Other health boards have acknowledged that there is no legal grounding to the ban. This article has come out today: the site manager of Ninewells Hospital in Dundee is quoted saying:
we can only ask them to respect our policy on smoking but if they say they don't respect it, and ask ‘What are you going to do about it?', then we have to walk away.
Furthermore yesterday another story came out yesterday from Cornwall with much the same message.
The Scottish Government has other ideas and asserts that NHS Grampian is acting within its powers. This implies that the smoking ban legislation has always been capable of being applied outdoors without further primary legislation. Yet NHS Grampian today decided that enforceability was too big a problem to force on its workforce and the Grampian public, at least until further discussions have taken place.
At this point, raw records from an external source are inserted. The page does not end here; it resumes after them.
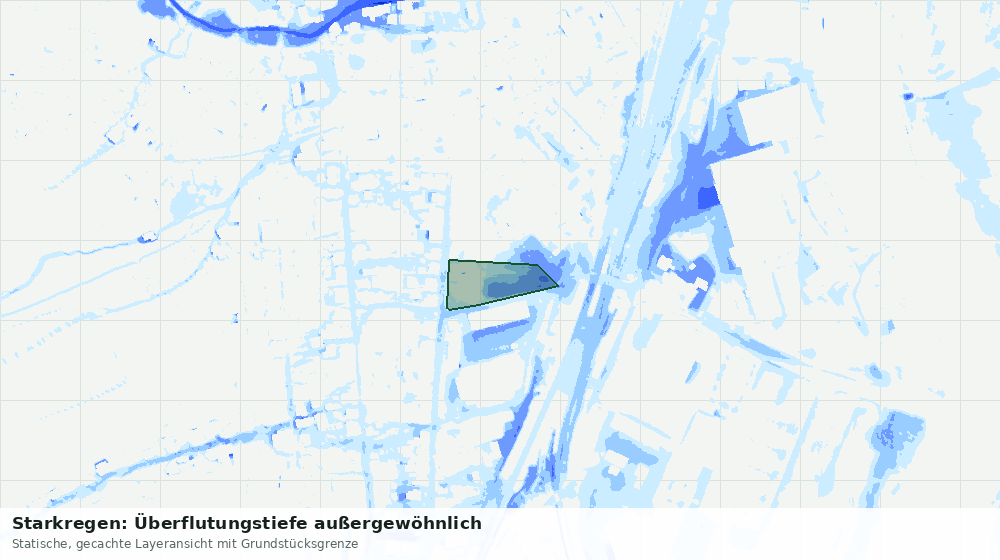 Statische Kartenansicht: Starkregen: Überflutungstiefe außergewöhnlich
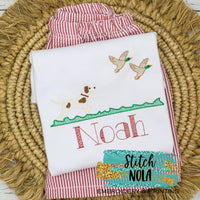 Personalized Dog Duck Hunting Sketch Shirt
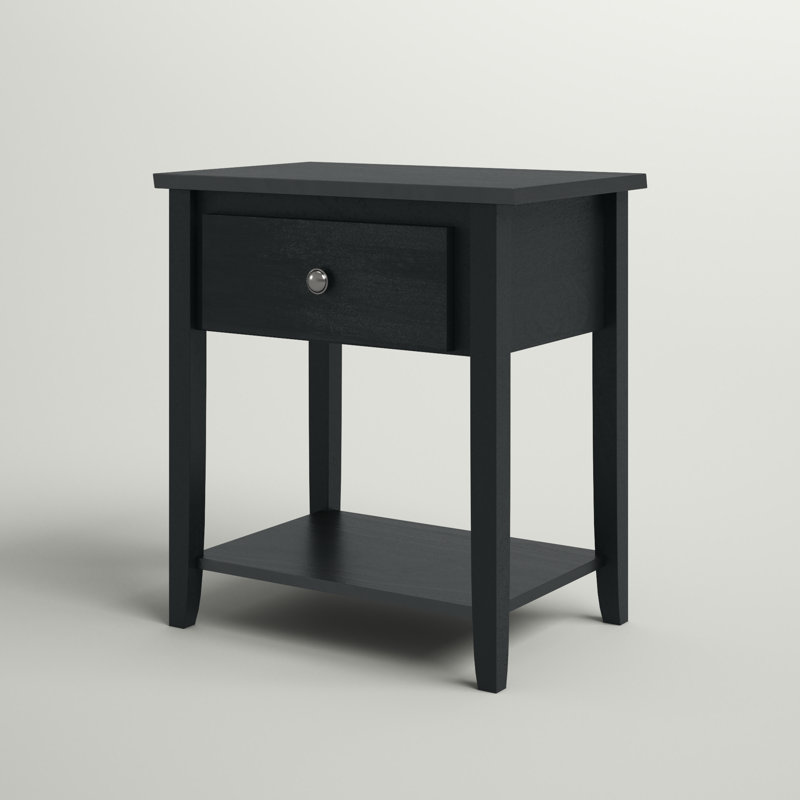 Anke End Table with Storage, Black
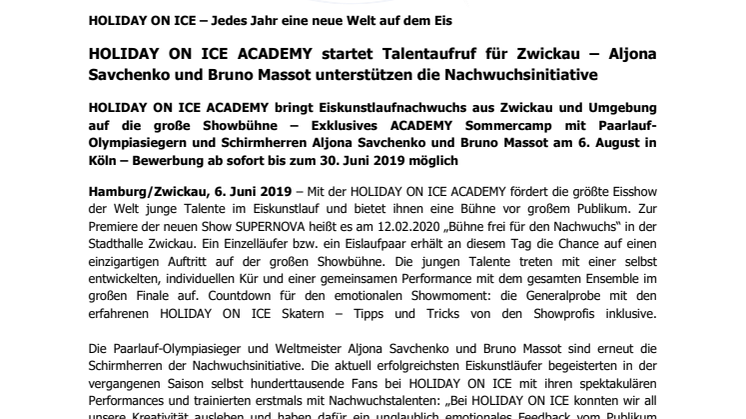 HOLIDAY ON ICE ACADEMY startet Talentaufruf für Zwickau – Aljona Savchenko und Bruno Massot unterstützen die Nachwuchsinitiative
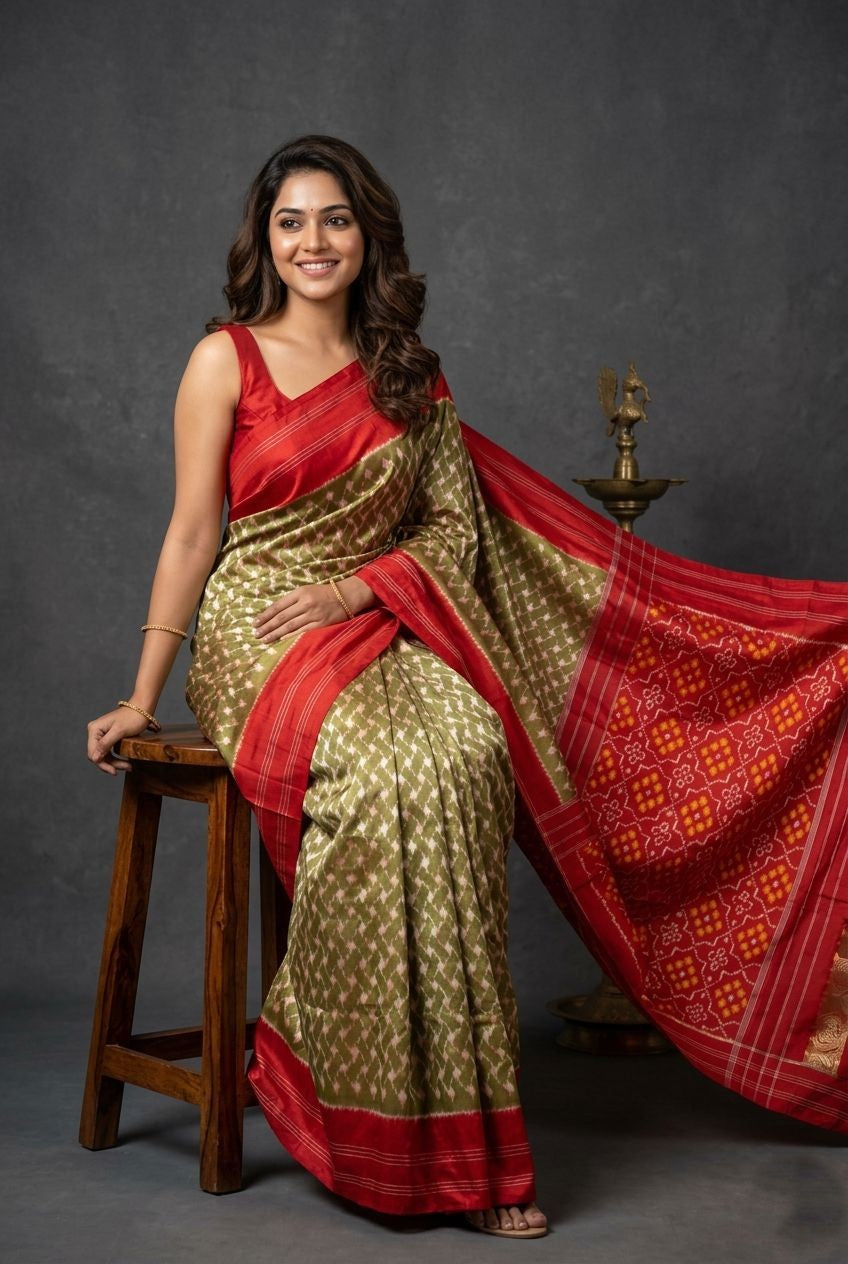 Olive Green Barista Soft Silks Saree with Red Traditional Zari Border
Last year the Scottish government held a consultation that was designed to engineer Scottish mental health services in a no-smoking direction. This would have had the result of removing the exemption that currently applies to smoking rooms in psychiatric units, but further questions were added in the mental health consultation asking respondents whether smoking should be banned outdoors too.
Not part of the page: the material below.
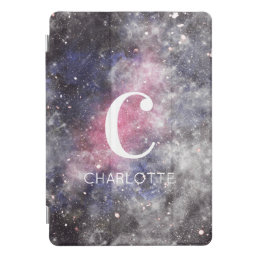 Monogram Name Galaxy Nebula Pink Black iPad Pro Cover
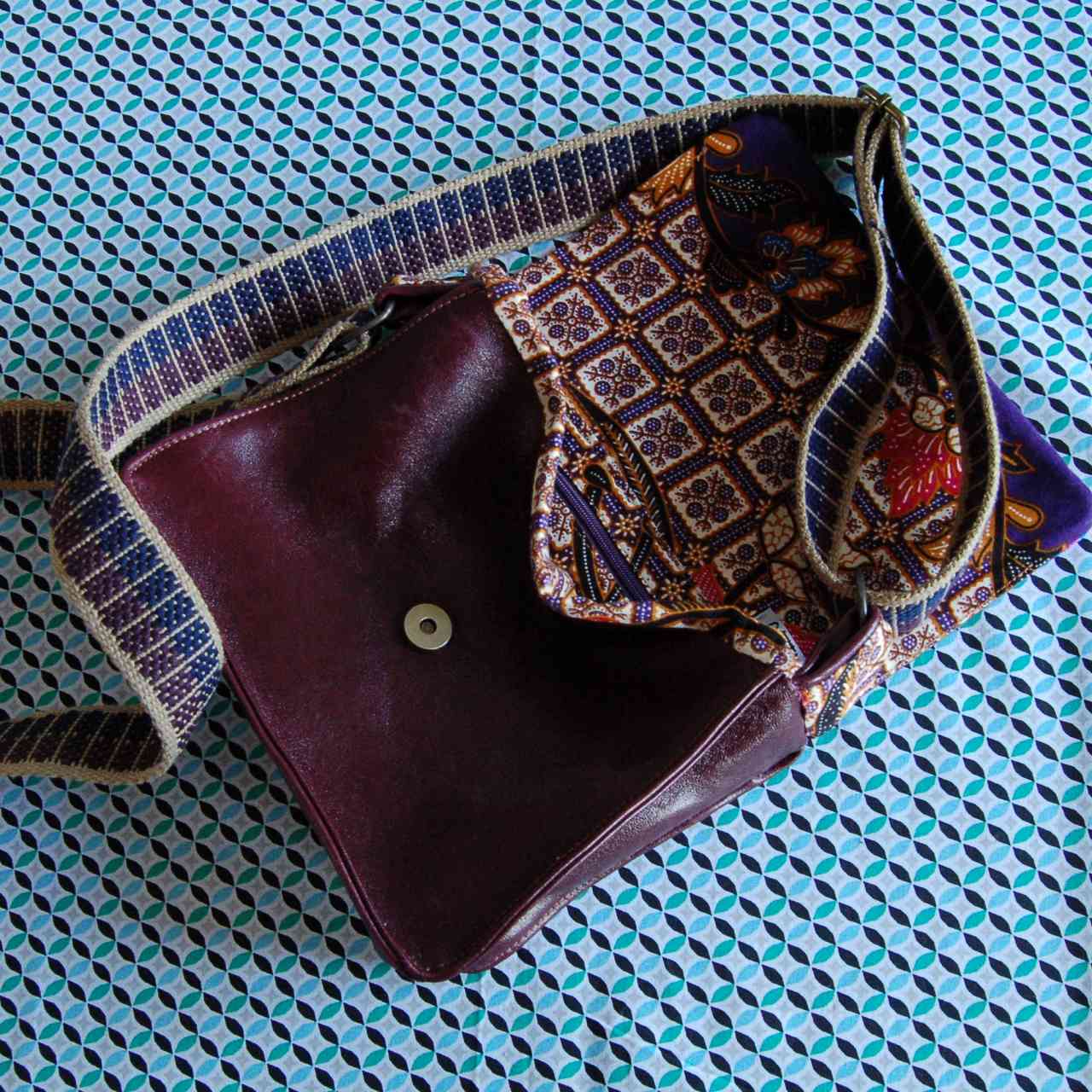 Sac à main bandoulière marron cuir et tissu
Meanwhile the NHS and Health Scotland have run a seminar on Health Improving Health Services – health services with a vengeance. Ridden with jargon about working together, it refers to 'the discussion of how we make hospitals exemplar centers for health and wellbeing'; 'asking for and valuing patient feedback', and finally 'clarifying, and then enforcing, our stance on issues such as smoking on hospital grounds'. Quite a confusion of objectives here. But the seminar does demonstrate that the effort to make hospitals smokeless zones is government-led.
The issue is simple. The NHS is there to deliver medical treatment to sick people. It employs people to treat patients and otherwise service the hospital. There seems no good reason to employ any of the staff as exemplars in public health. It makes no economic sense for staff to challenge visitors to the hospital for smoking, nor does it help anyone's health. Threatening disciplinary action against staff who possess tobacco and expecting them not to smoke in break-times on shifts that can extend to 12 hours marks an extraordinary departure from normal conditions of service.
Threatening to withdraw treatment from patients who smoke on a blanket basis, or depending whether they observe no-smoking requirements in hospital, is discriminatory treatment: not a decision made on clinical grounds.